## How to complete this task
With any pictures left out, restate word for word the lines in the listing below from the one holding "1UPJ-36137555]N-BOX カスタム(エヌ ボックス" through the last.

## Input for this task
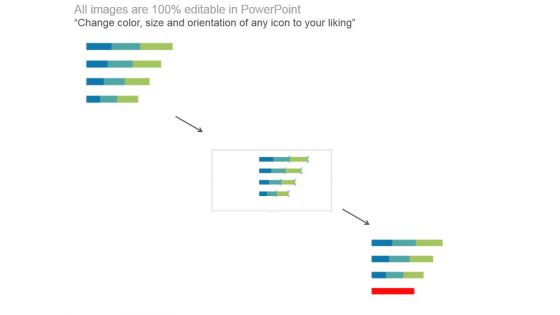 Spending Directions For Media Channels Ppt Icon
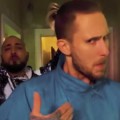 Favorite, Shneezin & Luthifah - Video zu "2Pac Hologramm"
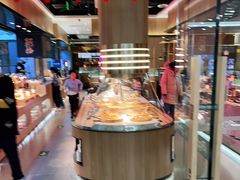 -比格比萨自助(南京万达茂店)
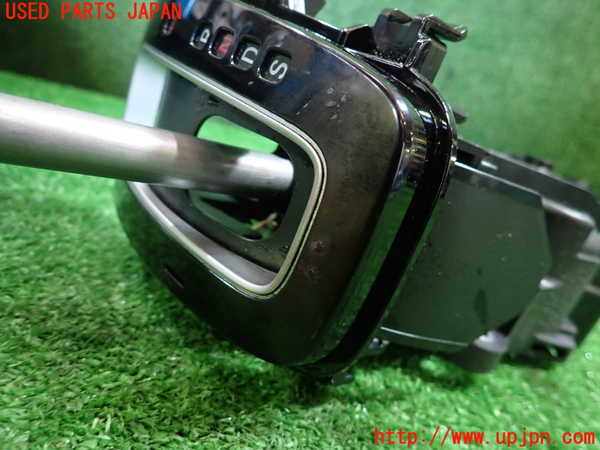 1UPJ-36137555]N-BOX カスタム(エヌ ボックス カスタム)(JF3)ATシフトレバー 中古_m0002.jpg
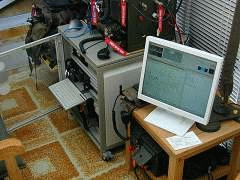 NotFunk Server 4 Remote Access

## Written solution
 1UPJ-36137555]N-BOX カスタム(エヌ ボックス カスタム)(JF3)ATシフトレバー 中古_m0002.jpg
 NotFunk Server 4 Remote Access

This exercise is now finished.